Exercise objective:
Copy the data exactly from the line that contains "All right, what's" through the line that contains "Let's throw this", keeping both end lines and leaving out everything else.

Entries supplied:
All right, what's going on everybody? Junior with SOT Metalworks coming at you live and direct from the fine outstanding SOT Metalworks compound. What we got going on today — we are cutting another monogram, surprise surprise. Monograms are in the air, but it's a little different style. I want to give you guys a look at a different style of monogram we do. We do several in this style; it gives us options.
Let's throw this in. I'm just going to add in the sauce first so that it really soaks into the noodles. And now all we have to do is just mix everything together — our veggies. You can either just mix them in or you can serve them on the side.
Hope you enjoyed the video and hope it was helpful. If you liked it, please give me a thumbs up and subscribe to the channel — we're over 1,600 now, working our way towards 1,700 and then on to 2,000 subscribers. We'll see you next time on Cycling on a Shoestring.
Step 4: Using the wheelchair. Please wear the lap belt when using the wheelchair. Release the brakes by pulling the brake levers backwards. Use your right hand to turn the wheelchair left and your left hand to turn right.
---
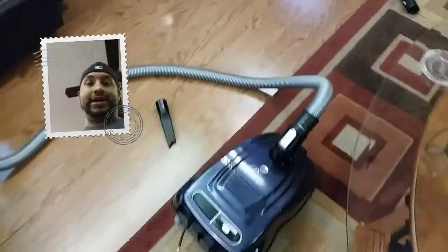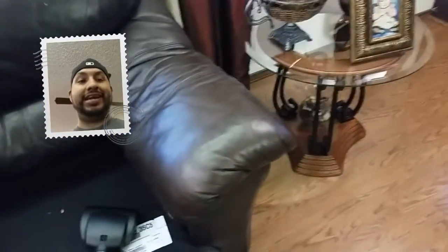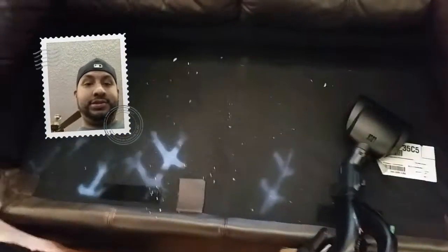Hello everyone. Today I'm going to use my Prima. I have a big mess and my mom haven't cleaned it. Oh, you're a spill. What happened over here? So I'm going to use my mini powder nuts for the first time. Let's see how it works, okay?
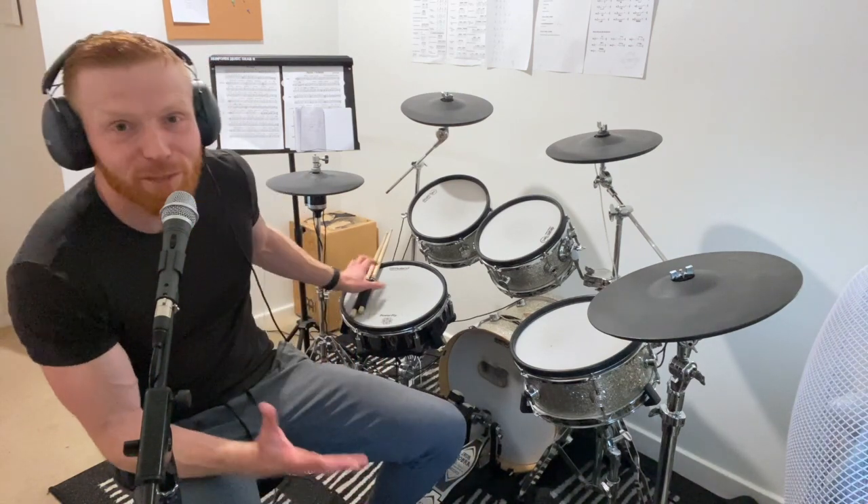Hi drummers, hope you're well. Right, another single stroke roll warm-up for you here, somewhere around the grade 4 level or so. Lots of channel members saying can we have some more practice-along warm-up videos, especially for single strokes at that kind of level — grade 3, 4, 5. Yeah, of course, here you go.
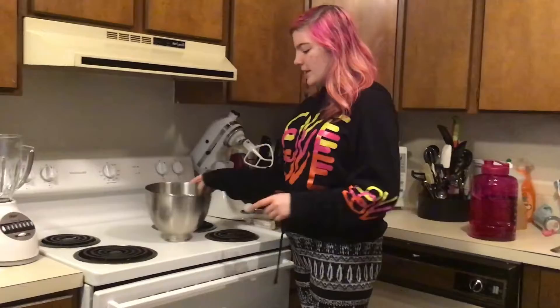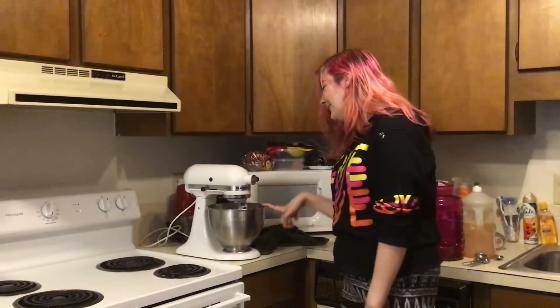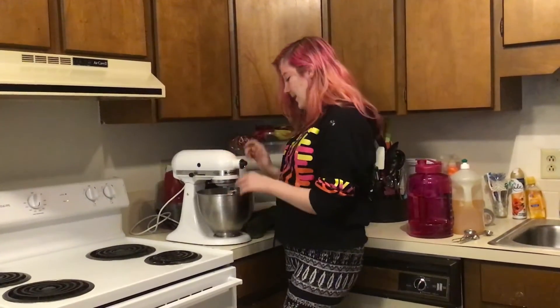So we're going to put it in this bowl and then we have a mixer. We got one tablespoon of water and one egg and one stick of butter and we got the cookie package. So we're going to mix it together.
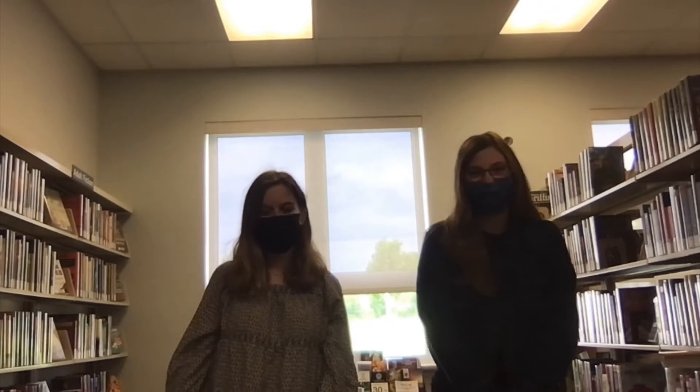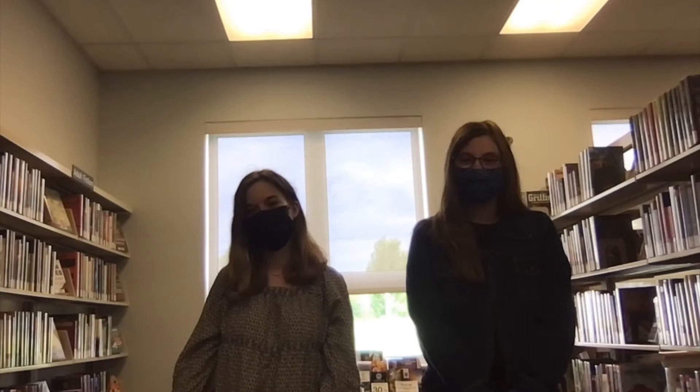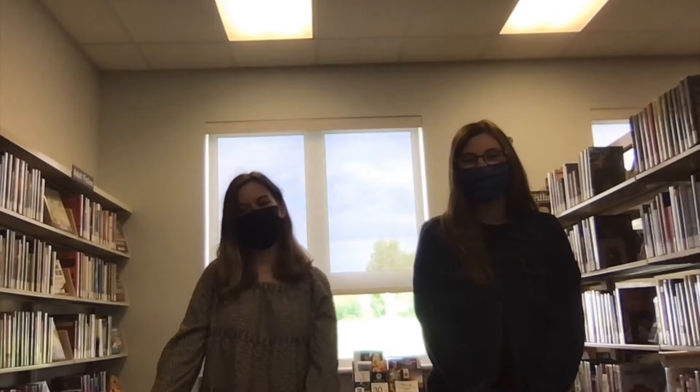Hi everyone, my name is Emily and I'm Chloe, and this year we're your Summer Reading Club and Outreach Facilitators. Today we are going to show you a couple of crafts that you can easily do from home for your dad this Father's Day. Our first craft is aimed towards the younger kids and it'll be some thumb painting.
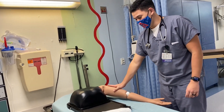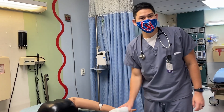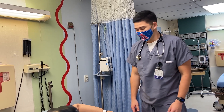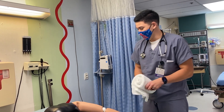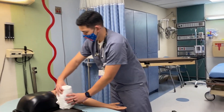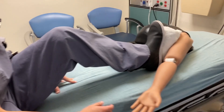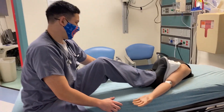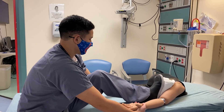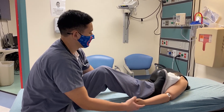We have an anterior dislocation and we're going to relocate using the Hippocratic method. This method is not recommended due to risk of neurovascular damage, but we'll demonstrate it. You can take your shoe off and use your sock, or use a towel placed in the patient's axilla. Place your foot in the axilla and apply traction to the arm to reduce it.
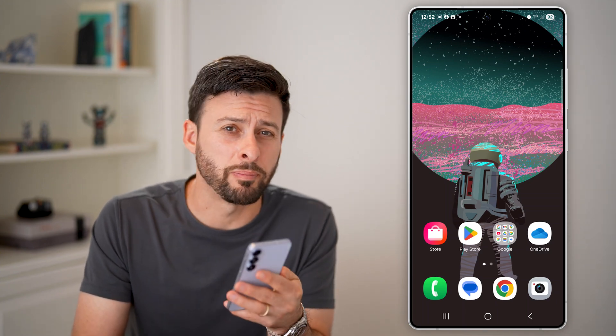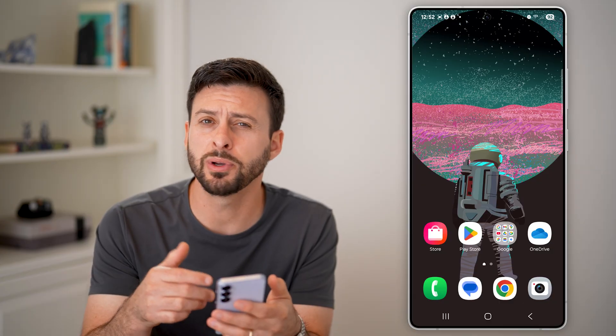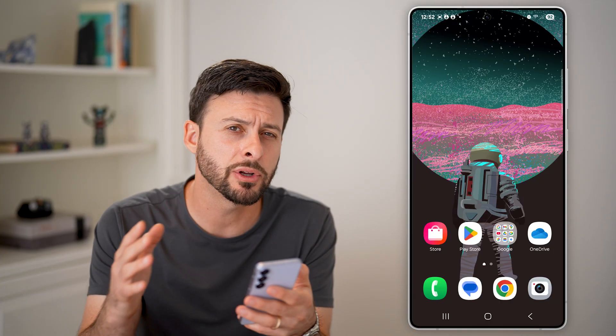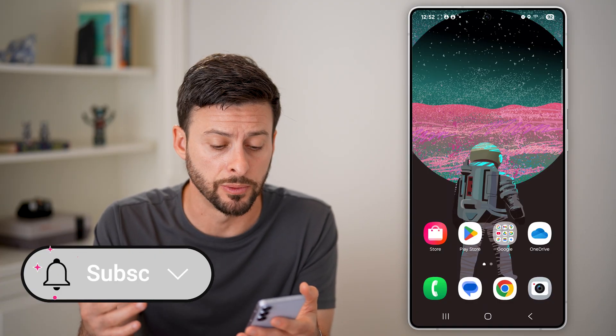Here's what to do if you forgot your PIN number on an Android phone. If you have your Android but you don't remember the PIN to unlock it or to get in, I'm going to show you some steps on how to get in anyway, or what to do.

Answer to this task:
All right, what's going on everybody? Junior with SOT Metalworks coming at you live and direct from the fine outstanding SOT Metalworks compound. What we got going on today — we are cutting another monogram, surprise surprise. Monograms are in the air, but it's a little different style. I want to give you guys a look at a different style of monogram we do. We do several in this style; it gives us options.
Let's throw this in. I'm just going to add in the sauce first so that it really soaks into the noodles. And now all we have to do is just mix everything together — our veggies. You can either just mix them in or you can serve them on the side.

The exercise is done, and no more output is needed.